Le prési­dent du club a bien une hypothèse. “C’est peut être parce qu’on a 260 maghrébins sur 384 licen­ciés…”. “De la pure diffama­tion, s’in­surge Julien Sanchez. Ce mon­sieur dit n’im­porte quoi, les déci­sions sont pris­es selon des critères objec­tifs”, notam­ment le nom­bre d’ad­hérents, le niveau du club ou la par­tic­i­pa­tion à la vie de la ville. “Il s’ag­it par exem­ple des activ­ités que les clubs pro­posent l’été, comme des bode­gas”, explique Julien Sanchez quand on lui demande des pré­ci­sions. “Cha­cun ses critères, con­tin­ue le jeune maire FN. Le club devrait nous remet­tre un trophée pour ce qu’on fait pour eux. Qu’ils arrê­tent de la ramen­er. Quand on voit les réac­tions, ça ne donne pas envie d’aider le foot” ful­mine-t-il. “Ils n’ont qu’à dire aux social­istes des col­lec­tiv­ités ter­ri­to­ri­ales que le méchant maire fas­ciste mangeur d’en­fants coupe les sub­ven­tions, ils seront très con­tents de leur en don­ner”, iro­nise Julien Sanchez, vraisem­blable­ment agacé par ces débats.

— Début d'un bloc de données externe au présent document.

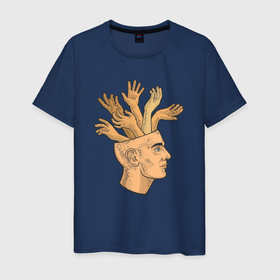 Мужская футболка хлопок с принтом Руки из головы в Екатеринбурге, 100% хлопок | прямой крой, круглый вырез горловины, длина до линии бедер, слегка спущенное плечо. |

Il affirme ne rien avoir con­tre le foot, sim­ple­ment, il n’est pas là “pour gaspiller l’ar­gent pub­lic”, con­clut-il.

La direction nationale du FN défend ses maires

Ces deux villes ne sont pas les seules munic­i­pal­ités touchées par des baiss­es de sub­ven­tions, sur les onze que dirige le Front nation­al. La sub­ven­tion du club de Fréjus (L’étoile sportive fréjussi­enne) a été abais­sée par le maire David Rach­line de 20 % l’an dernier, pas­sant de 600 000 à 480 000 €. Au FC Hayange, Loïc François, le prési­dent du club, craint des baiss­es de sub­ven­tion : « Pour l’instant on ne nous dit rien ». L’an dernier, les sub­ven­tions du club avaient baissé.

Ces réduc­tions budgé­taires n’ont rien d’étonnant pour Eric Domard, le con­seiller aux sports du FN : « Le nom d’Hayange par­le de lui-même et je com­prendrais que M. Engel­mann, le maire, choi­sisse de priv­ilégi­er d’autres secteurs dans cette ville en dif­fi­culté ».

Pour lui, l’essen­tiel n’est pas que les jeunes jouent au foot­ball, mais qu’ils trou­vent un emploi. “Il faut diriger les efforts financiers vers des secteurs plus impor­tants”, avance-t-il. La sécu­rité ou encore l’emploi. Les asso­ci­a­tions, elles, devront faire avec. Ou plutôt sans.